Supplied information →

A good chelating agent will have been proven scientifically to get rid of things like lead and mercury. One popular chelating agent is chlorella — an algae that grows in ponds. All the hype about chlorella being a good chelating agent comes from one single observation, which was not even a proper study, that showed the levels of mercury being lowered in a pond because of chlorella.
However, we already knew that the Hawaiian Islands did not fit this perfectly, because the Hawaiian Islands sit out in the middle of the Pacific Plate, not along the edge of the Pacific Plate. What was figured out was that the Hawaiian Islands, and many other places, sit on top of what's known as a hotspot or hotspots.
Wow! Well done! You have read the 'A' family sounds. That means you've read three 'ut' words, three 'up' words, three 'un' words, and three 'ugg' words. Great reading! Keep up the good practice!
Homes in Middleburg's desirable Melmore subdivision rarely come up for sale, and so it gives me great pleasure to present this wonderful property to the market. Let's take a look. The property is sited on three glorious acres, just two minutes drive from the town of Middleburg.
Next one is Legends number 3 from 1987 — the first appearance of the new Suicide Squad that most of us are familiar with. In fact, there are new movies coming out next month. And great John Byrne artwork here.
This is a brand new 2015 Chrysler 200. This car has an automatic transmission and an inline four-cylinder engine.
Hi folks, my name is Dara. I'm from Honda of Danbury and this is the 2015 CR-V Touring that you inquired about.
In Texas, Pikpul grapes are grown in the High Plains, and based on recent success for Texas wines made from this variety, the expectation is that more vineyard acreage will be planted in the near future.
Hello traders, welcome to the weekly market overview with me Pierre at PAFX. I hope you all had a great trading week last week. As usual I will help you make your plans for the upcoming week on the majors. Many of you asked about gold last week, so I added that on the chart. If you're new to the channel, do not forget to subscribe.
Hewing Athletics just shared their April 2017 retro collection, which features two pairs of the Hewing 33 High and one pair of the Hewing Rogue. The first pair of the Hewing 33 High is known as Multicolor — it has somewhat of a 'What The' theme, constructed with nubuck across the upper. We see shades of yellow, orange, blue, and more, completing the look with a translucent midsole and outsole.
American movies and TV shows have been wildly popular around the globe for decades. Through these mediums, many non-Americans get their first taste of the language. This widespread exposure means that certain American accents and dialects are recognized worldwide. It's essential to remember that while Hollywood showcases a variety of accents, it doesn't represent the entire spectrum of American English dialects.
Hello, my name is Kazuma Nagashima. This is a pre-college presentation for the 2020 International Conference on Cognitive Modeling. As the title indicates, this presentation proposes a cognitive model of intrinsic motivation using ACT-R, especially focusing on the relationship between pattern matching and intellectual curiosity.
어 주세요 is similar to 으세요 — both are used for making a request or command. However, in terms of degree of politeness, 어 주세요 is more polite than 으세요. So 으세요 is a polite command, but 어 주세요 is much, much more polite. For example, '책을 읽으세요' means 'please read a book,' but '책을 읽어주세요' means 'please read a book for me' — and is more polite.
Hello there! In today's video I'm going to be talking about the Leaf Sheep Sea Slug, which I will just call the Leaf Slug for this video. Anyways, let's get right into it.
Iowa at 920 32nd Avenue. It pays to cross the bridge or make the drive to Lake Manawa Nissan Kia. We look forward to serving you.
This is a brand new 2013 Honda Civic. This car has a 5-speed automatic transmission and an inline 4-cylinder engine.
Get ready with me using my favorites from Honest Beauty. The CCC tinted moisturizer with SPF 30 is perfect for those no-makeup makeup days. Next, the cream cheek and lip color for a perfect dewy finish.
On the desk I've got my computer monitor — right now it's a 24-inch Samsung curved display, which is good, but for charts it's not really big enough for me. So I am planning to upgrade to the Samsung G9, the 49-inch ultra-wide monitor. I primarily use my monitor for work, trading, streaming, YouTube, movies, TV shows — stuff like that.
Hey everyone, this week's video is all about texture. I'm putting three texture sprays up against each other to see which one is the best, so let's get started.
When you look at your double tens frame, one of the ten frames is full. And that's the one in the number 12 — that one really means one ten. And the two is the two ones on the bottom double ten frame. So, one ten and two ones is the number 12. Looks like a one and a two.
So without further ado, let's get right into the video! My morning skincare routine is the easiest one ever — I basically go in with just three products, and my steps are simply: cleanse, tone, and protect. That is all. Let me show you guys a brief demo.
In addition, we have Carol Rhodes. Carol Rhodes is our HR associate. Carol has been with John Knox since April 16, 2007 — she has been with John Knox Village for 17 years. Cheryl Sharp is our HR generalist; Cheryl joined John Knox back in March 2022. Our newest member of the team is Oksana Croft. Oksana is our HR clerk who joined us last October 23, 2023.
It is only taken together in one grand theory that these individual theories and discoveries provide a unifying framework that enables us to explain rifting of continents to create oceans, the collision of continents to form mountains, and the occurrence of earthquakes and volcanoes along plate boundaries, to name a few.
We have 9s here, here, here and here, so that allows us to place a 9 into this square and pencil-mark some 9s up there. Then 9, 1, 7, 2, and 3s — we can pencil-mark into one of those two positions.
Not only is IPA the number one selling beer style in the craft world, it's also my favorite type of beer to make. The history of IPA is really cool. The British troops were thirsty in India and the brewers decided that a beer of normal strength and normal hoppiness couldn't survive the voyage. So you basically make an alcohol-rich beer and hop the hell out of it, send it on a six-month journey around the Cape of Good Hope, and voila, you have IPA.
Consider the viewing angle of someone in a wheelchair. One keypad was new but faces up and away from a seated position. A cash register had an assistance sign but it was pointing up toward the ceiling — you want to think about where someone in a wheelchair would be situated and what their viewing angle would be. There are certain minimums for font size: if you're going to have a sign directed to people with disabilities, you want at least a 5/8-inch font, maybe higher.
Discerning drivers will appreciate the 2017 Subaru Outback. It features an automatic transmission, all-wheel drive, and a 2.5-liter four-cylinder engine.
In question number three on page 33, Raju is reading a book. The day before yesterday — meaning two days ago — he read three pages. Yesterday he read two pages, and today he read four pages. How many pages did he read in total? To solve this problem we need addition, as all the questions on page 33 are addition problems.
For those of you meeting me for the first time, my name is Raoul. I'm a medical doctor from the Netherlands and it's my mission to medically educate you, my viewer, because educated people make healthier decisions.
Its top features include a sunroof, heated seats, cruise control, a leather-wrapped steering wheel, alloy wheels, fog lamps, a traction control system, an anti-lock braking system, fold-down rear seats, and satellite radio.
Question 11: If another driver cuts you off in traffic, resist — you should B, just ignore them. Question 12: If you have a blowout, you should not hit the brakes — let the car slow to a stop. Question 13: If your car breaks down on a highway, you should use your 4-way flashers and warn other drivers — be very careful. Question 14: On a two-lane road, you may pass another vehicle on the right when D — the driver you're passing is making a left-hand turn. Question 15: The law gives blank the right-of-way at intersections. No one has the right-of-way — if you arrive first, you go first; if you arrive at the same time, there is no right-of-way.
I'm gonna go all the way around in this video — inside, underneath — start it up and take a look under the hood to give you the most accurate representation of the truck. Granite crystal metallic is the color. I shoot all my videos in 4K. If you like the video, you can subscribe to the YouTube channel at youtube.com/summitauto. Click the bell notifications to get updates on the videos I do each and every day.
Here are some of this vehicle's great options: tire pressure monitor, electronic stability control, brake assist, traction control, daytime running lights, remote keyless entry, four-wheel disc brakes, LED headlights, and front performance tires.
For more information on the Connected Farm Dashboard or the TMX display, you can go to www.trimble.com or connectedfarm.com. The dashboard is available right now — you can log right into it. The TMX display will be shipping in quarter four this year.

Exercise description →
Write out the full listing exactly as given.

Result of this exercise →
A good chelating agent will have been proven scientifically to get rid of things like lead and mercury. One popular chelating agent is chlorella — an algae that grows in ponds. All the hype about chlorella being a good chelating agent comes from one single observation, which was not even a proper study, that showed the levels of mercury being lowered in a pond because of chlorella.
However, we already knew that the Hawaiian Islands did not fit this perfectly, because the Hawaiian Islands sit out in the middle of the Pacific Plate, not along the edge of the Pacific Plate. What was figured out was that the Hawaiian Islands, and many other places, sit on top of what's known as a hotspot or hotspots.
Wow! Well done! You have read the 'A' family sounds. That means you've read three 'ut' words, three 'up' words, three 'un' words, and three 'ugg' words. Great reading! Keep up the good practice!
Homes in Middleburg's desirable Melmore subdivision rarely come up for sale, and so it gives me great pleasure to present this wonderful property to the market. Let's take a look. The property is sited on three glorious acres, just two minutes drive from the town of Middleburg.
Next one is Legends number 3 from 1987 — the first appearance of the new Suicide Squad that most of us are familiar with. In fact, there are new movies coming out next month. And great John Byrne artwork here.
This is a brand new 2015 Chrysler 200. This car has an automatic transmission and an inline four-cylinder engine.
Hi folks, my name is Dara. I'm from Honda of Danbury and this is the 2015 CR-V Touring that you inquired about.
In Texas, Pikpul grapes are grown in the High Plains, and based on recent success for Texas wines made from this variety, the expectation is that more vineyard acreage will be planted in the near future.
Hello traders, welcome to the weekly market overview with me Pierre at PAFX. I hope you all had a great trading week last week. As usual I will help you make your plans for the upcoming week on the majors. Many of you asked about gold last week, so I added that on the chart. If you're new to the channel, do not forget to subscribe.
Hewing Athletics just shared their April 2017 retro collection, which features two pairs of the Hewing 33 High and one pair of the Hewing Rogue. The first pair of the Hewing 33 High is known as Multicolor — it has somewhat of a 'What The' theme, constructed with nubuck across the upper. We see shades of yellow, orange, blue, and more, completing the look with a translucent midsole and outsole.
American movies and TV shows have been wildly popular around the globe for decades. Through these mediums, many non-Americans get their first taste of the language. This widespread exposure means that certain American accents and dialects are recognized worldwide. It's essential to remember that while Hollywood showcases a variety of accents, it doesn't represent the entire spectrum of American English dialects.
Hello, my name is Kazuma Nagashima. This is a pre-college presentation for the 2020 International Conference on Cognitive Modeling. As the title indicates, this presentation proposes a cognitive model of intrinsic motivation using ACT-R, especially focusing on the relationship between pattern matching and intellectual curiosity.
어 주세요 is similar to 으세요 — both are used for making a request or command. However, in terms of degree of politeness, 어 주세요 is more polite than 으세요. So 으세요 is a polite command, but 어 주세요 is much, much more polite. For example, '책을 읽으세요' means 'please read a book,' but '책을 읽어주세요' means 'please read a book for me' — and is more polite.
Hello there! In today's video I'm going to be talking about the Leaf Sheep Sea Slug, which I will just call the Leaf Slug for this video. Anyways, let's get right into it.
Iowa at 920 32nd Avenue. It pays to cross the bridge or make the drive to Lake Manawa Nissan Kia. We look forward to serving you.
This is a brand new 2013 Honda Civic. This car has a 5-speed automatic transmission and an inline 4-cylinder engine.
Get ready with me using my favorites from Honest Beauty. The CCC tinted moisturizer with SPF 30 is perfect for those no-makeup makeup days. Next, the cream cheek and lip color for a perfect dewy finish.
On the desk I've got my computer monitor — right now it's a 24-inch Samsung curved display, which is good, but for charts it's not really big enough for me. So I am planning to upgrade to the Samsung G9, the 49-inch ultra-wide monitor. I primarily use my monitor for work, trading, streaming, YouTube, movies, TV shows — stuff like that.
Hey everyone, this week's video is all about texture. I'm putting three texture sprays up against each other to see which one is the best, so let's get started.
When you look at your double tens frame, one of the ten frames is full. And that's the one in the number 12 — that one really means one ten. And the two is the two ones on the bottom double ten frame. So, one ten and two ones is the number 12. Looks like a one and a two.
So without further ado, let's get right into the video! My morning skincare routine is the easiest one ever — I basically go in with just three products, and my steps are simply: cleanse, tone, and protect. That is all. Let me show you guys a brief demo.
In addition, we have Carol Rhodes. Carol Rhodes is our HR associate. Carol has been with John Knox since April 16, 2007 — she has been with John Knox Village for 17 years. Cheryl Sharp is our HR generalist; Cheryl joined John Knox back in March 2022. Our newest member of the team is Oksana Croft. Oksana is our HR clerk who joined us last October 23, 2023.
It is only taken together in one grand theory that these individual theories and discoveries provide a unifying framework that enables us to explain rifting of continents to create oceans, the collision of continents to form mountains, and the occurrence of earthquakes and volcanoes along plate boundaries, to name a few.
We have 9s here, here, here and here, so that allows us to place a 9 into this square and pencil-mark some 9s up there. Then 9, 1, 7, 2, and 3s — we can pencil-mark into one of those two positions.
Not only is IPA the number one selling beer style in the craft world, it's also my favorite type of beer to make. The history of IPA is really cool. The British troops were thirsty in India and the brewers decided that a beer of normal strength and normal hoppiness couldn't survive the voyage. So you basically make an alcohol-rich beer and hop the hell out of it, send it on a six-month journey around the Cape of Good Hope, and voila, you have IPA.
Consider the viewing angle of someone in a wheelchair. One keypad was new but faces up and away from a seated position. A cash register had an assistance sign but it was pointing up toward the ceiling — you want to think about where someone in a wheelchair would be situated and what their viewing angle would be. There are certain minimums for font size: if you're going to have a sign directed to people with disabilities, you want at least a 5/8-inch font, maybe higher.
Discerning drivers will appreciate the 2017 Subaru Outback. It features an automatic transmission, all-wheel drive, and a 2.5-liter four-cylinder engine.
In question number three on page 33, Raju is reading a book. The day before yesterday — meaning two days ago — he read three pages. Yesterday he read two pages, and today he read four pages. How many pages did he read in total? To solve this problem we need addition, as all the questions on page 33 are addition problems.
For those of you meeting me for the first time, my name is Raoul. I'm a medical doctor from the Netherlands and it's my mission to medically educate you, my viewer, because educated people make healthier decisions.
Its top features include a sunroof, heated seats, cruise control, a leather-wrapped steering wheel, alloy wheels, fog lamps, a traction control system, an anti-lock braking system, fold-down rear seats, and satellite radio.
Question 11: If another driver cuts you off in traffic, resist — you should B, just ignore them. Question 12: If you have a blowout, you should not hit the brakes — let the car slow to a stop. Question 13: If your car breaks down on a highway, you should use your 4-way flashers and warn other drivers — be very careful. Question 14: On a two-lane road, you may pass another vehicle on the right when D — the driver you're passing is making a left-hand turn. Question 15: The law gives blank the right-of-way at intersections. No one has the right-of-way — if you arrive first, you go first; if you arrive at the same time, there is no right-of-way.
I'm gonna go all the way around in this video — inside, underneath — start it up and take a look under the hood to give you the most accurate representation of the truck. Granite crystal metallic is the color. I shoot all my videos in 4K. If you like the video, you can subscribe to the YouTube channel at youtube.com/summitauto. Click the bell notifications to get updates on the videos I do each and every day.
Here are some of this vehicle's great options: tire pressure monitor, electronic stability control, brake assist, traction control, daytime running lights, remote keyless entry, four-wheel disc brakes, LED headlights, and front performance tires.
For more information on the Connected Farm Dashboard or the TMX display, you can go to www.trimble.com or connectedfarm.com. The dashboard is available right now — you can log right into it. The TMX display will be shipping in quarter four this year.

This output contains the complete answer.